I know you mean no insult, but I would not call a 3.0 a beginner.
A 3.0 is a player who, for whatever reason, struggles against 3.5 players. Those reasons can be being a newbie. But the reason can also be simply infrequency of play, injury, lack of athletic ability, or age.
My sister has been a 3.0 for 12 years. She took up the sport as a 2.5, got bumped up, took a very long hiatus, then hurt her knee and had two surgeries, and now she travels so much and works such long hours that she rarely plays. And since she is my older sister, she is older. I think 3.0 suits her at the moment.
To my ears, then, this sounds needlessly dismissive: "No biggi imo at that level (3.0 isn't even remotely close to decent play in the grand scheme of things. 3.0 is bare beginner imo)." I say 3.0 is one of many stepping stones on someone's tennis journey, and it is no more or less worthy of respect than 4.0.
Anyway, you never answered my question, which is this: Is there any chance you would have actually demonstrated the spreadeagle frying pan smash if the 3.0 league ladies were getting frustrated at the direction to turn when going back for their smash?
Like you said, not trying to be dismissive, but to me a 3.0 player is a beginner tennis player for whatever reason (doesn't matter what the reason). To me it can't be simply put as "they struggle against 3.5" because at the 3.0 level most if not all, will have GLARING fundamental problems and lack of overall tennis experience, knowledge, and strategy for whatever the reason. Would you not call a 2.5 a beginner then? Only say they are players struggling against 3.0? Imo if you were accomplished, but then got hurt, stopped playing etc etc. It would be very very difficult to fall back into 3.0 level unless you could literally not move at all, but that's a very rare exception.
Eg: I could have played basketball for 20 years, but if I have no concept of basketball strategy, plays, how to shoot, how to defend, how to dribble, I would still consider myself a beginner. My concept of basketball is "getting the ball in the hoop." That's a beginner haha. Not trying to insult, not trying to be dismissive, just calling it imo what it is. There's no shame in being a beginner. To me it's the players who are real beginners who think they are pros or think they are better than certain drills/progessions because "they are experienced" which really hurts the game.
And no, I would never have demonstrated frying pan smash, but it doesn't seem like your pro did that either?
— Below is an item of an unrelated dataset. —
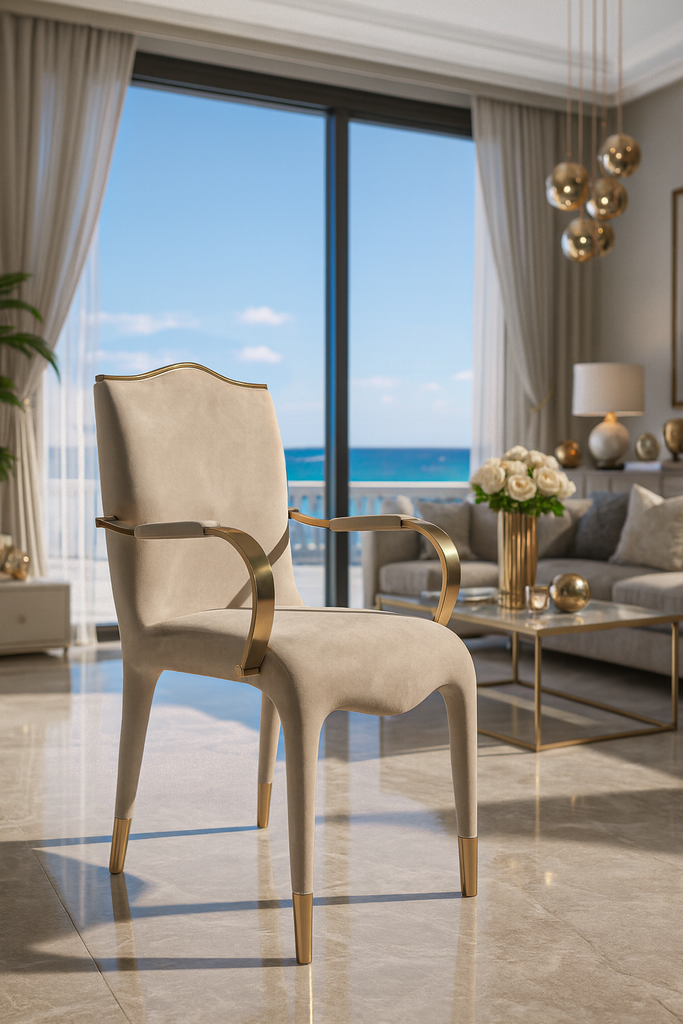 Elyas Dining Chair with cream velvet upholstery and gold trim and armrests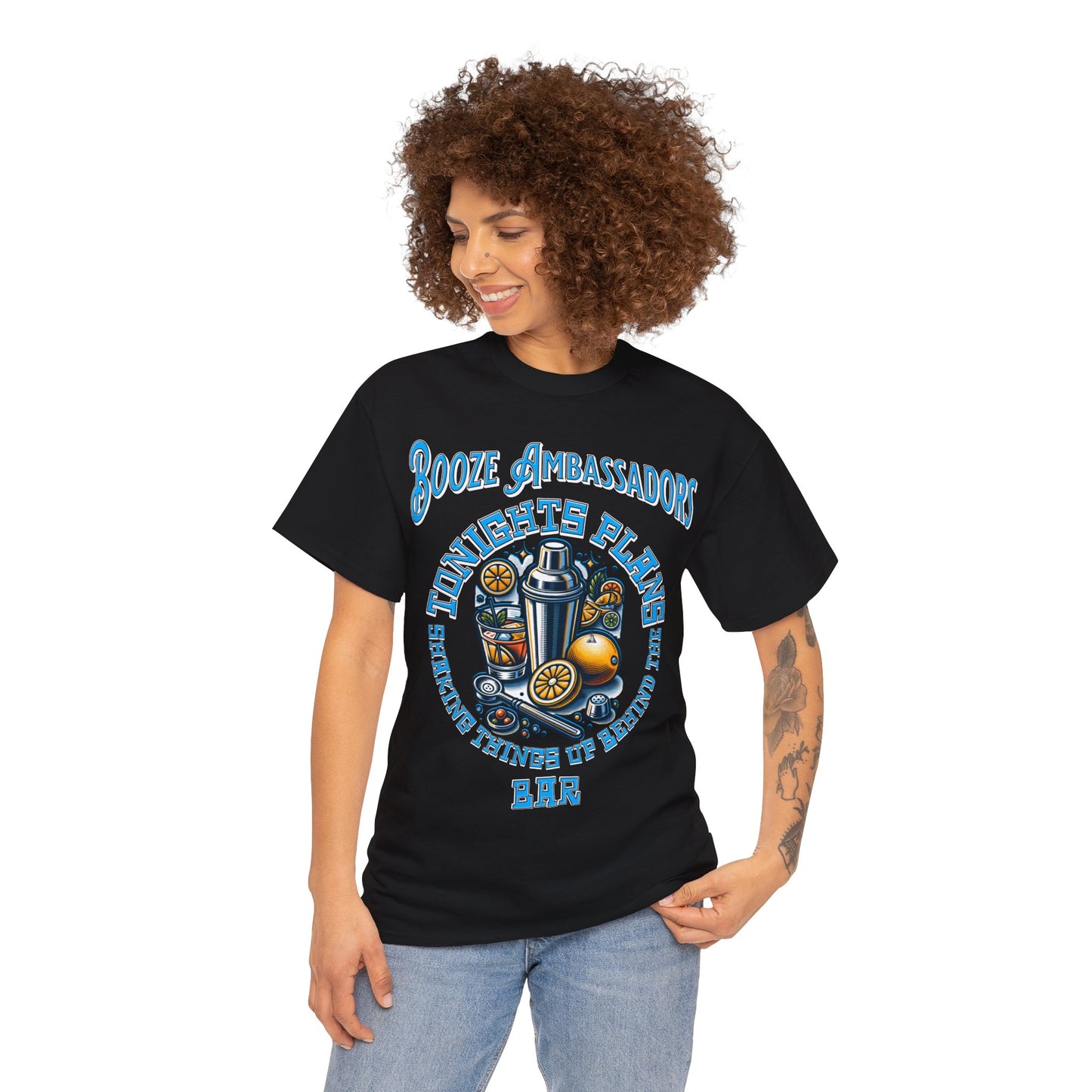 BOOZE  SHAKING THINGS UP ON FRONT  Unisex Heavy Cotton Tee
He just mentioned if they were doing frying pan smash they shouldn't turn sideways?
At my old work place we classified NTRP into general categories (assuming players were 18-25 years of age):
1. NTRP 2.5 - Never played a "absolute beginner"
2. NTRP 3.0 - Casually played, maybe middle school lessons (a beginner)
3. NTRP 3.5 - Highschool player, somewhat competitive (varsity in most cases)
4. NTRP 4.0 - Very competitive highschool player, occasional USTA tournament
5. NTRP 4.5+ USTA Tournament Junior, college etc.
Obviously that is not absolute rules, but I felt it was a great way to classify most people in a better sense. Obviously still lots of variation within, but I really liked it put like that.